Hopefully next is some degree of ops-conservatism going mainstream. The current situation is only bearable for very large organizations and IMO we have just gotten better at “throw it over the wall”.
We are now at a point where we are really bad at anything but kilo-core/TB-ram clusters because at less than that the cost of ops eclipse the hardware. Continuity from development, small deployments to “web-scale” has been largely sacrificed.
The other main branch in the tree is “own-nothing” of specialized cloud offerings where you have to use mock implementations to even do testing.
Containerization was a significant improvement for the “works on my machine”-problem, but it has been terrible for deployment performance and artifact management. It’s proof we failed to package and distribute our services.
Similarly the overlay-network based mesh is an indication that the network layers and OS integration doesn’t match how we think about connectivity between services.
My hope is that we do more to resolve these basic issues at the OS level and then rethink k8s etc, how would they work if the OS solved networking and process isolation?
The container abstraction is so shallow that once you start trying to debug multiple containers working in concert, it only works for everyone using the same operating system. It essentially only “solved” disk snapshotting and distribution of snapshots. Engineers working on macos vs linux vs windows (even WSL) are working as diffrerently as a cloud engineer deploying on ECS vs EKS vs AKS. We’ve just shifted the character of the differences between machines.
The RPC nature is a big part of the issue. The networking options around containers are very different across operating systems. The ability of containers to interact with the host is a big area of difference. The Docker Engine approach of running containers in a VM limits those containers in ways they would not be limited when deployed (in most cases). This is particularly true on MacOS where the interactions between containers and the host depends (at least at one point ~2017) on whether you were using a wired or wireless connection to your network.
So move to SOA and RPC, partially spurred on by containerization, pushes the differences to the area of maximum difference. The reaction most people have is to try to push everything into a network managed by Docker Engine. That can make debugging tests completely unrepresentative of the relationships between applications when they are deployed. The ability to mock external dependencies has been very important in my debugging work.
The MacOS wired vs wifi case is extreme but I’ve been bit by this in my work. I was debugging a call to an external API. I had the application running locally, working against a containerized version of the external API (the connections may have done in the other direction, this was a long time ago). I was making progress debugging it. I had to leave the office to catch a flight. While on the plane I could no longer reproduce the issue because the host application could no longer connect to the container. Worse than “works on my machine” because it was the same machine!
For example, the rise of sqlite as an alternative to more complex DBs which run on separate machines. One way to simplify a system is to use parts which require less maintenance and administration.
Right up until you need any kind of high availability, then you start adding replication layers to SQLite and grow something as complex as a traditional RDBMS.
There’s a huge class of apps which don’t need high availability but would benefit hugely from a simplified deploy and cheap hosting costs.

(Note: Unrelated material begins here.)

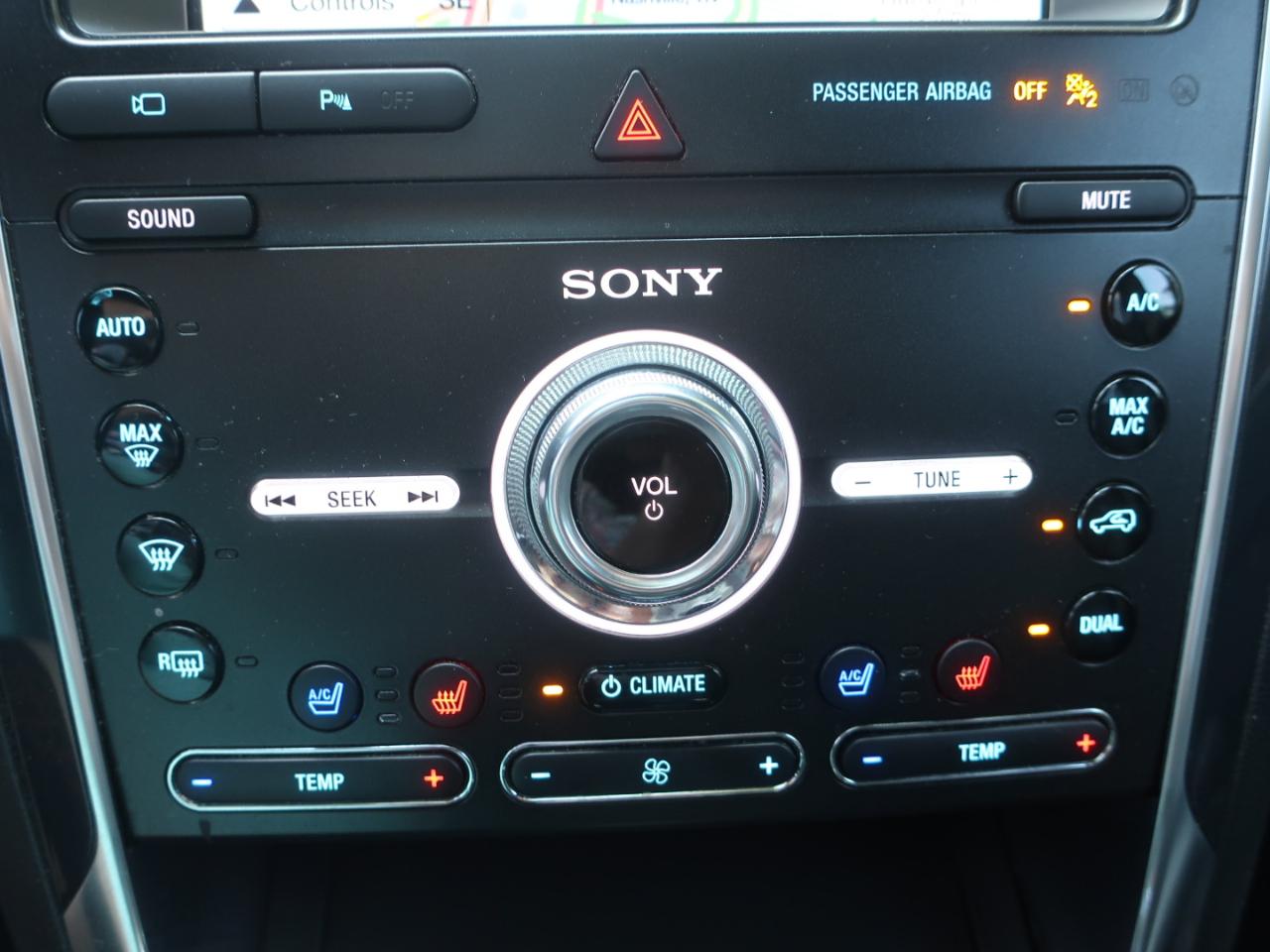 Ford Explorer Limited FWD 2019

I think Mastodon or WordPress are perfect examples.
I agree on blog hosting (if it’s down, I doubt many people care), I’m less sure with Mastodon, at least long term. If my email is down, that’s increasingly problematic because people use it for time-sensitive communication. I don’t think Mastodon is in the same space yet, but it aspires to be.

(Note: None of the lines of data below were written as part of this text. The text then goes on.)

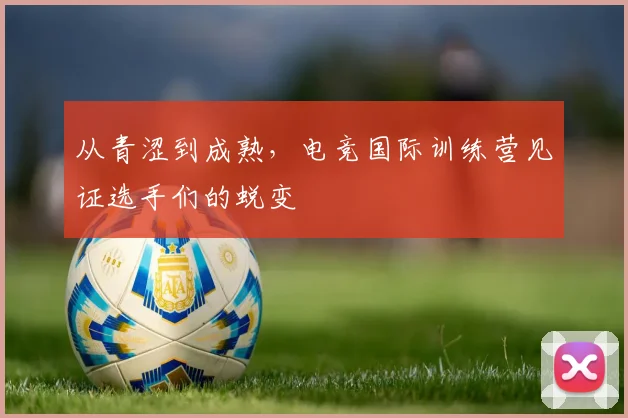 从青涩到成熟，电竞国际训练营见证选手们的蜕变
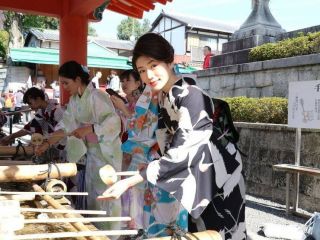 きものレンタルwargo(太宰府天満宮前店)の写真1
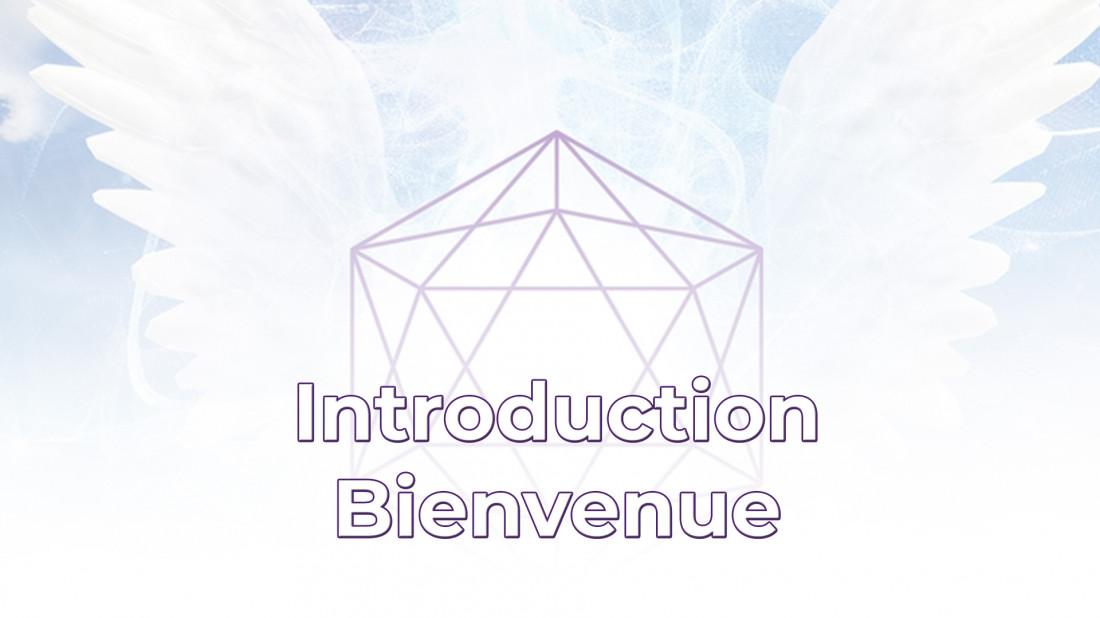 Le guide des archanges vers l'ascension introduction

If the discourse on sites like this one is any indication, I think there’s a growing backlash against the trend of ever-increasing abstraction. Not just here in infrastructure, but elsewhere as well; for example, some of us want to go back to writing GUI applications in systems programming languages (albeit with better safety, e.g. Rust). We’ve had enough of teetering atop the tower of abstractions, and we want to find other ways forward. So, I think the future should be finding better ways to deploy and manage infrastructure at level 1 or 2, while keeping the good parts of higher-abstraction deployments (e.g. reproducible infrastructure as code). I’m watching the Nix scene with interest, but haven’t yet jumped in with a real NixOS deployment.
Maybe we should. Specifically, maybe Levels 3 and 4 are the highest we should ever go, and even then only at massive FAANG-order scales.

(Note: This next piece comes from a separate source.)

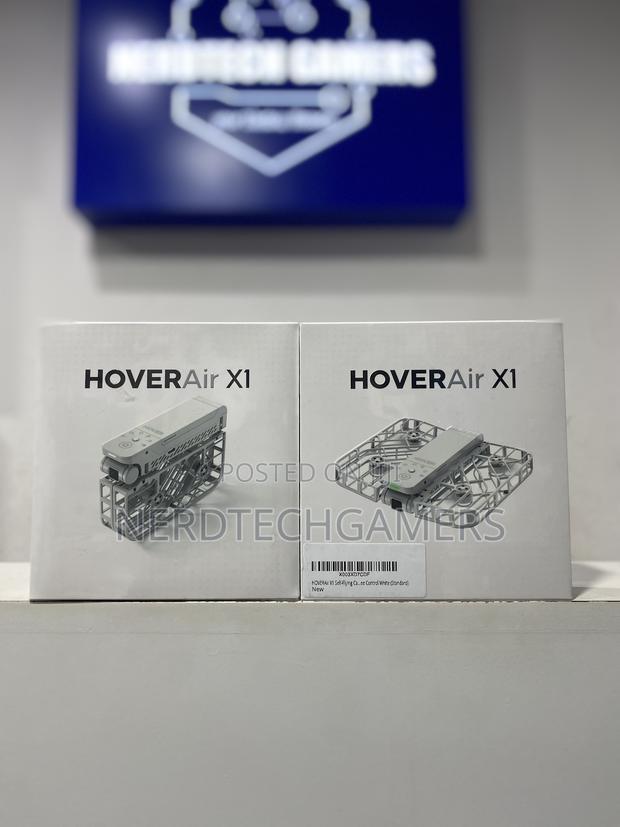 Hoveairx1, Intelligent Flight Paths,Mode Selfie Drone · Photo 3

Abstraction is useful, but its inevitability is not a natural law. It’s a design principle. Like all design principles, it stops being useful the moment it becomes dogma.
Chances are that future infrastructure will be affected by laws and regulations more than by technical limitations.
We may end up in a future where countries have sovereign segments of the network with strict rules regarding data storage and transport.
Maybe this will drive enthusiasts to find refuge in an alternative to internet - small private mesh networks that are integrated with each-other.
I find that possibility quite compelling, but your wording confuses me. The internet is already a “network of networks” - how is what you’re describing different?
Data residency requirements are already here. Every government/health usage is being constrained this way. The only thing you get is physical presence. It’s just as easy to exfiltrate data if storage is connected to the network. And it prevents you front taking advantage of the cheapest prices, wherever they might be world-wide. And yet, governments forge on ahead.
The future is impossible to predict, but perhaps the next level is something like computing as in the novel Permutation City - many providers vying for business on a generic MIPS exchange, with computations paused, their state captured, then seamlessly restarted from the same state on a computer somewhere else. It’s a neat thought although this level of interoperability is anathema to cloud provider profits. Competition is expensive; monopoly/oligopoly with vendor lock-in is where the real money is. Beyond those political/economic concerns I’d say data transfer bandwidth is the main technical hurdle to this vision becoming reality.
Interestingly I got it from a very pro-capitalist man, Peter Thiel. This is a prominent thesis in his book Zero to One: the purpose of a firm is to achieve monopoly.
This is a very interesting subject in economics. Are you familiar with the paper from Ronald coast on why firms exist? It is pretty short, readable and changed the whole field. And the whole monopoly thing appears as empire building in governance and information economics. If you like the subject, you will like the texts :)
The problem is data gravity. With a bit of leg-work, moving container load around multiple clouds is already possible. Kubernetes allows multi-cloud deployments with some effort, for example. But if you rely on DBs or data warehouses in a particular region/cloud, the compute cost savings need to be massive to justify hopping over the egress cost wall.
There’s also latency requirements for online services. If you need to be in US-central, you’re constrained by the ambient costs of that area - land prices, wages, electricity costs. You can’t just pack up and move to Taiwan.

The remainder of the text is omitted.